Response time to an incident is critical, and even more so in the industrial control systems, which are already critical. Knowing if a system is vulnerable to an incident in progress, or if it has been compromised or not, is an advantage that may make the difference between managing an incident and managing the chaos caused by an assumed incident. Here is where the indicators of compromise (IoC) come into play.

The excess of information received during an incident is actually as inefficient as having no information at all; the key is processing said information. The exchange of verified information, in a way which is comprehensible, technically replicable and unmistakable for all staff in charge of the management of an incident is the basis of IoCs.

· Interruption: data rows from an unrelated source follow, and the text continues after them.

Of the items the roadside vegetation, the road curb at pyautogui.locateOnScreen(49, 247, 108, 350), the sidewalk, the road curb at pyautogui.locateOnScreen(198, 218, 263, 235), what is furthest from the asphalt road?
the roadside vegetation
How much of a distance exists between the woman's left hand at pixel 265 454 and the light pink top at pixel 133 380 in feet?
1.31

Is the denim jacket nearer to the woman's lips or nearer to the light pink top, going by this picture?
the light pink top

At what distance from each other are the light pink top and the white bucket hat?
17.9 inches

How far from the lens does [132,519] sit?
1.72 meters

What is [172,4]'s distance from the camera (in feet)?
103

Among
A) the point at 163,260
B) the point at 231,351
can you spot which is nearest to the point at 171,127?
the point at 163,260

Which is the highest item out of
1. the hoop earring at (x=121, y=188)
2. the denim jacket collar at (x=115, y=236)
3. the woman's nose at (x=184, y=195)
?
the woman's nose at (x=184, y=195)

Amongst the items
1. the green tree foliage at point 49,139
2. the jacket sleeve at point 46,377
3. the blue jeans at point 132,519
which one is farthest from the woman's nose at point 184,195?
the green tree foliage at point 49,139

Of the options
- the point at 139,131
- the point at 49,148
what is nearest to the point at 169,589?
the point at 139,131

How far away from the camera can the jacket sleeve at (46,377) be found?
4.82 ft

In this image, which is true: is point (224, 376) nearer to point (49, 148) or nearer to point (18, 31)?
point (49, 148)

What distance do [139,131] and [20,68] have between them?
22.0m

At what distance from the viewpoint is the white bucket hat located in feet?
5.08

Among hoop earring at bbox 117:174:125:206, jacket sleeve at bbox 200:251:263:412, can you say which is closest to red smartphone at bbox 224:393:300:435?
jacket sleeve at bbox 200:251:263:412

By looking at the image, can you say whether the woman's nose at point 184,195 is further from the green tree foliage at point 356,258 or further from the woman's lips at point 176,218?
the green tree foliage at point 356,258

An IoC is an outline, normally written in XML, where certain technical, replicable details which are linked through logical operators (AND, OR, etc.) are specified in order to prove or indicate if a system has been compromised or not. An IoC is not always exhausted; often it is necessary to create one in order to share it either within the company or externally. For that reason, we should know exactly what is considered as an IoC.

The most used IoC is the MD5 of a file, together with its creation date, size, type of file, etc. Normally this comes from the sample that triggers the attack, once this has been identified by the analysis team. As we will see, this is one more indicator and its presence may not be sufficient to indicate whether a system has been compromised. All of the evidence that we can find in our system, and attribute to the incident, should go in the IoC. There is a vast range of evidence, from the already named file hashes MD5, SHA1, etc., to other more specific evidence such as: network observables (IP, Domain, lateral movements, scans...), processes, services, certain chains in registers, etc.

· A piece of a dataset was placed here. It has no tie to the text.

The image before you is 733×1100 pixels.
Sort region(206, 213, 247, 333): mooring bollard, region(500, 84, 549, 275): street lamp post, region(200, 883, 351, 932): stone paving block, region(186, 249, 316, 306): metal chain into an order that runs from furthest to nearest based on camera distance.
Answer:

There are various formats that an IoC can be written in, just as there are various programming languages. Depending on the recipient of the IoC, one or the other will be chosen, but the evidence regarding the incident will be within whichever of those IoCs. This way, we will find IoC formats with different XML outlines (STIX, OTX, CIF, OpenIoC, etc.).

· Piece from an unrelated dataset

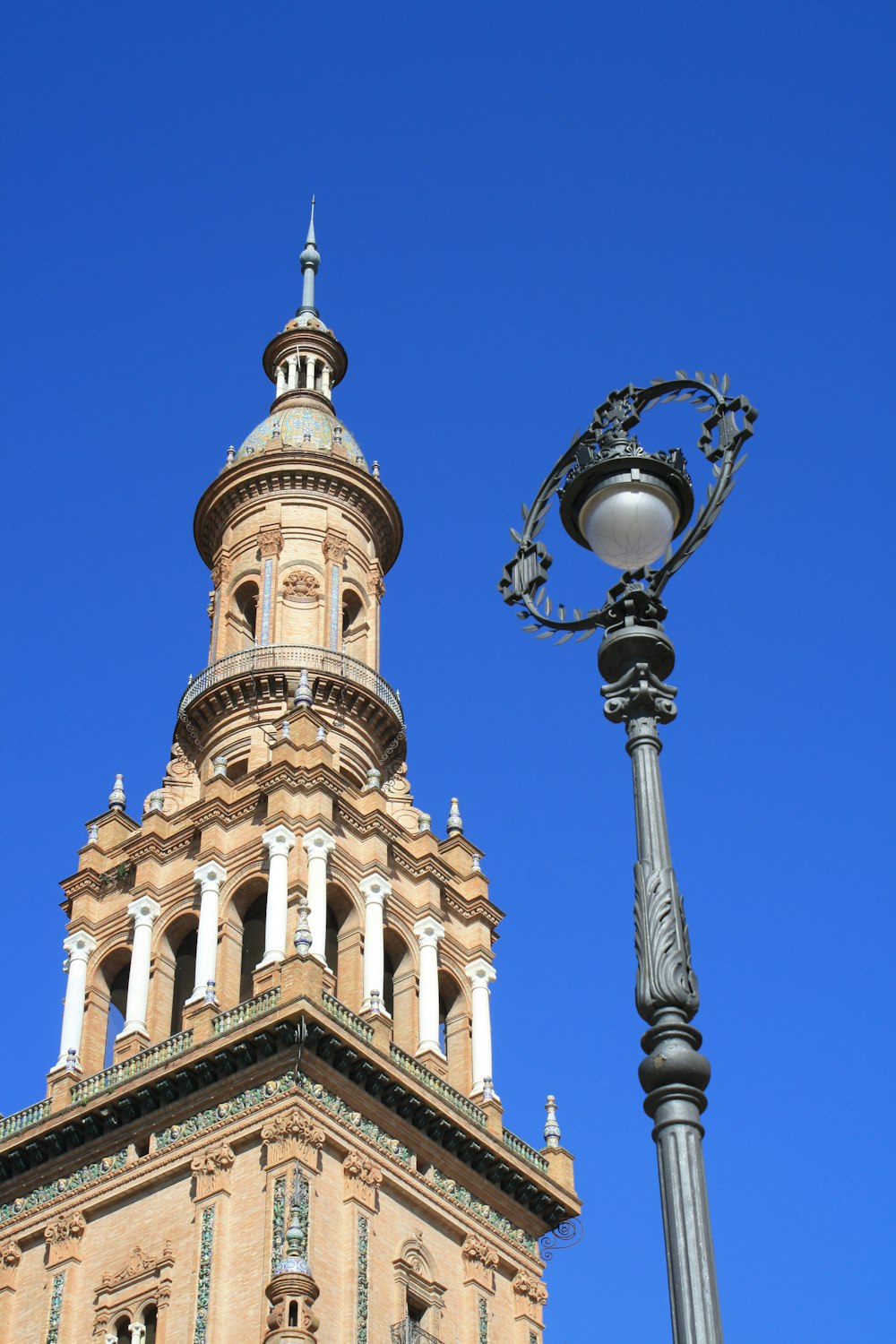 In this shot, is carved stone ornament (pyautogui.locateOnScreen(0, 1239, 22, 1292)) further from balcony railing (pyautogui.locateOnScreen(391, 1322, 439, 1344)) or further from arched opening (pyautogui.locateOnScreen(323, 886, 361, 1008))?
arched opening (pyautogui.locateOnScreen(323, 886, 361, 1008))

The main characteristics of an IoC are:

  • It is a document for the exchanging of information.
  • It is a live document which is not definitive and is easily adaptable.
  • It is a flexible document; it can collect all types of evidence, both that which is specific to a system and that which is general to all affected systems.

Application cycle of an IoC during an incident

-Application cycle of an IoC during an incident, a live document which is constantly changing in a recursive way-

The great majority of companies acknowledge that they know what an IoC is, but that they do not really know either how to use them nor the potential that they have when solving, checking and preventing an incident.

In the initial phase of an incident, the first piece of evidence or indicator that is available will be the hash of the input file, and based on estimates of that, the future IoC will be built.

Let us assume that our company uses the standard OpenIoC and we do not have an IoC in this format. Really, the difficulty here lies in understanding the IoC itself, and possible actions that we can carry out for each piece of evidence in particular.

Fragment of an IoC in a STIX format

- Fragment of an IoC in a STIX format, provided by ICS-CERT for the Wannacry incident-

This fragment of an IoC shows us a piece of evidence or fact:

  • The existence of a “PE32 executable (GUI) Intel 80386, for MS Windows” file type with an MD5 “5bef35496fcbdbe841c82f4d1ab8b7c2” will be our indicator of compromise.

The ACTION that we should carry out as a result of this shared information will be:

  • Create a list with all the system's MD5s and file types.
  • Check that the MD5 indicated in the IoC is found on said list.

The complexity of this action can vary, we can use some tools, but a concrete true or false result has to be determined regarding the evidence.

To facilitate this work, specific tools are developed to automate certain tasks. Below, the workings of some of these will be detailed:

Example 1: Visualisation of an IoC in an OpenIoC format

Let us assume that we have an IoC available which was provided by one of our reliable sources. In this example, the IoC in OpenIoC format created by Mandiant for the Stuxnet incident has been used. By simply opening the FireEye tool, IOC Editor, we can open the file and visualise its content. As the image shows, there are a series of different types of indicators (File, Driver, Certificate, etc.) with a series of logical expressions (AND and OR) which operate with them. This allows us to know about the existence of that sequence of evidence, and it determines that our system has been compromised by the Stuxnet incident.

View, from within the IoC Editor

- View, from within the IoC Editor, of an IoC created by Mandiant for the Stuxnet incident-

Example 2: Creation of an IoC in an OpenIoC format

Let us assume that we have information available regarding an incident. This information may come from any of the usual reliable channels or from our analysis team, but if the IoC has been received in an STIX format we need to convert it into an OpenIoC format to be able to work with it.

In order to do that, we will use part of the IoC in the STIX format, provided by ICS-CERT for the Wannacry incident. This IoC informs us of evidence of a compromised system in the form of a hash MD5 of a file, as the image shows.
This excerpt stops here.